Everything Paul says defines love is needed in the face of weaknesses, shortcomings, and failures. Maybe that’s why the King James’ Version translates the word love as charity. Love is a gift to a person who is desperately needy, hopelessly undeserving, who lacks good and pleasant qualities. Love responds to shortcomings. Love meets weakness.
Actually, if love’s very first quality is patience, that’s a pretty good sign that things aren’t always going to be rosy. Love is long suffering. It puts up with much. It forbears – it carries the beloved forward past the point of conflict. It takes the long view.
Love is unexpected, unearned, undeserved.
Love is willing to play second fiddle. It’s willing to be inconvenienced. And love is willing to yield. Love says, I will go out of my way for you. I will give up having things my way for you.
There is no lack in love.
Love keeps no records. There’s no scorecard or balance sheet, no points awarded or taken away. Because love is a gift. It cannot be bought or earned. It cannot be stolen or forced.
Love is brave. It holds on and keeps going. It says no to fear and yes to courage, to possibility, to hope. It’s fierce in its defense and passionate in its commitment to the beloved’s best interests and well-being.

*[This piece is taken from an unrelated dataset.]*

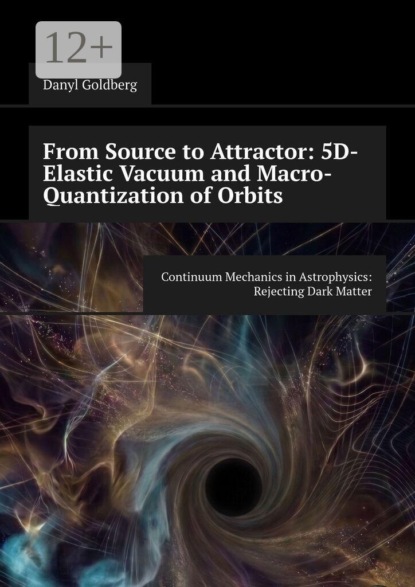 From Source to Attractor: 5D-Elastic Vacuum and Macro-Quantization of Orbits. Continuum Mechanics in Astrophysics: Rejecting Dark Matter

Love by its very nature is impractical. It’s extravagant. It’s improbable and absurd. And it is so incredibly powerful. We will do just about anything to get it, or something like it. What a difference it would make if we knew with certainty, no room for doubt or second-guessing, that we are fully and completely and irrevocably loved. It’s a love that will not fade or mellow with age. It’s a love that comes through every time.
Desire is strong and passion is intense, but love has the real power. It’s transformative. It changes everything.
Maybe others haven’t loved you as they ought. There are holes in your heart that feel like bottomless chasms and the brokenness seems beyond repair. Or maybe you’ve feasted on counterfeit loves and wonder if you’re too damaged for true love. I have good news for you – there’s a love that will never run out or let you down. It never fails and it has no end.
God is never the one who says you are not loved, that you are unlovable, or that there’s no hope. No, His constant message is you are loved. You are loved. You are loved. This is no saccharine candy store valentine. This is love that is stronger than death. This is love that reaches into the depths of hell and tenderly carries you across the threshold to a paradise wedding.
God loves you in a way that says I cannot, I will not, I do not want to let you go.